VBA vs Power Query vs Python

A recent post at Chandoo’s Excel Forum asked for a formula to extract all pairs of digits from a number with 4 digits.  This was soon extended to dealing with longer numbers, and the examples looked at here will work with at least all pairs of digits from a 14 digit number.

Examples and code shown below can be downloaded from:

Listcomb2.zip

Hui came up with a VBA UDF, making use of a dictionary:

Function Extract_Pairs(str As Variant, Optional sort As String = "None") As Variant

' Declare
Dim dict As Object
Set dict = CreateObject("Scripting.Dictionary")

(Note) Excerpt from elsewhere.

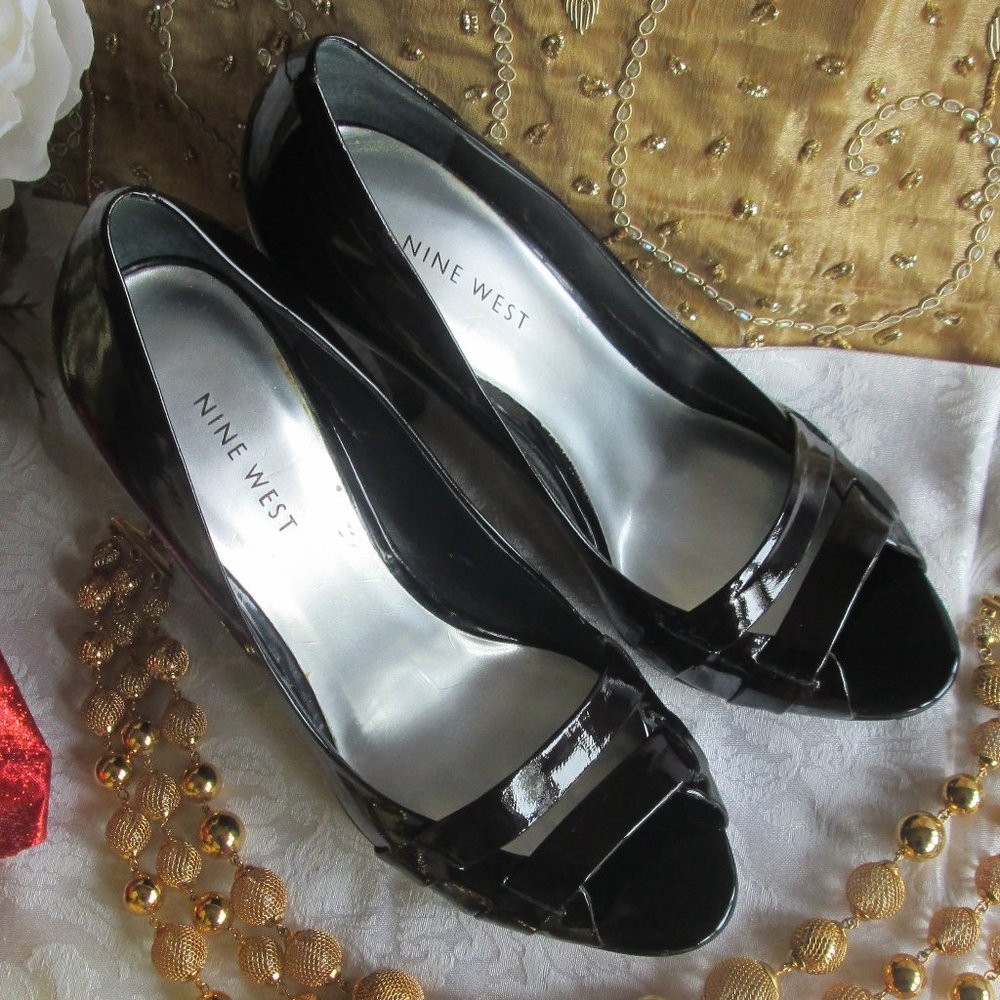 NINE WEST BLACK PATENT DOUBLE BAND PEEP-TOE HEELS – 7M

Dim i As Integer, j As Integer, k As Integer
 Const sep As String = ";"

'Loop through input string and add pairs to collection
For i = 1 To Len(str)-1
   For j = i + 1 To Len(str)
     ' Add item
    If Not (dict.Exists(Mid(str, i, 1) & Mid(str, j, 1))) Then
       dict.Add Mid(str, i, 1) & Mid(str, j, 1), 1
     End If
   Next j
Next i

If sort = "xlAscending" Then
   Set dict = SortDictionaryByKey(dict, xlAscending)
ElseIf sort = "xlDescending" Then
   Set dict = SortDictionaryByKey(dict, xlDescending)
End If

'Extract elements out of Collection into string
For Each key In dict.keys
   tempstr = tempstr & key & sep
Next

'Return string to function
Extract_Pairs = "{" & Left(tempstr, Len(tempstr) - 1) & "}"
End Function

See the download file (link above) for slightly modified version,  code for the SortDictionaryByKey function, and example output.

Lori came  up with a  lengthy on-sheet formula, and some examples of much shorter Python code (with a link to this blog):

>>> import itertools
 >>> list(set(itertools.combinations([1,2,3,4],2)))
 [(1, 2), (1, 3), (1, 4), (2, 3), (3, 4), (2, 4)]
 >>> list(set(itertools.combinations([5,6,6,8],2)))
 [(5, 6), (6, 8), (5, 8), (6, 6)]
 >>> list(set(itertools.combinations([5,7,7,7],2)))
 [(5, 7), (7, 7)]
 >>> list(set(itertools.combinations([7,7,7,7],2)))
 [(7, 7)]

I have used the examples above to write a short Python function (in two versions) that can be called from Excel, via xlwings:

import xlwings as xlw
import itertools

@xlw.func
@xlw.arg('num',numbers = int)
@xlw.ret(expand='table')
def listcombs(vals, num=2):
    vals.sort() 
    rtn = list(set(itertools.combinations(vals, num)))
    return sorted(rtn)
    
@xlw.func
@xlw.arg('num',numbers = int)
def listcombs2(vals, num=2):
    vals.sort() 
    rtn = list(set(itertools.combinations(vals, num)))
    return sorted(rtn)

The first version uses the xlwings table decorator to adjust the size of the output array. This is currently slow, and sometimes does not fully update, so the second version uses my VBA array function re-size macro.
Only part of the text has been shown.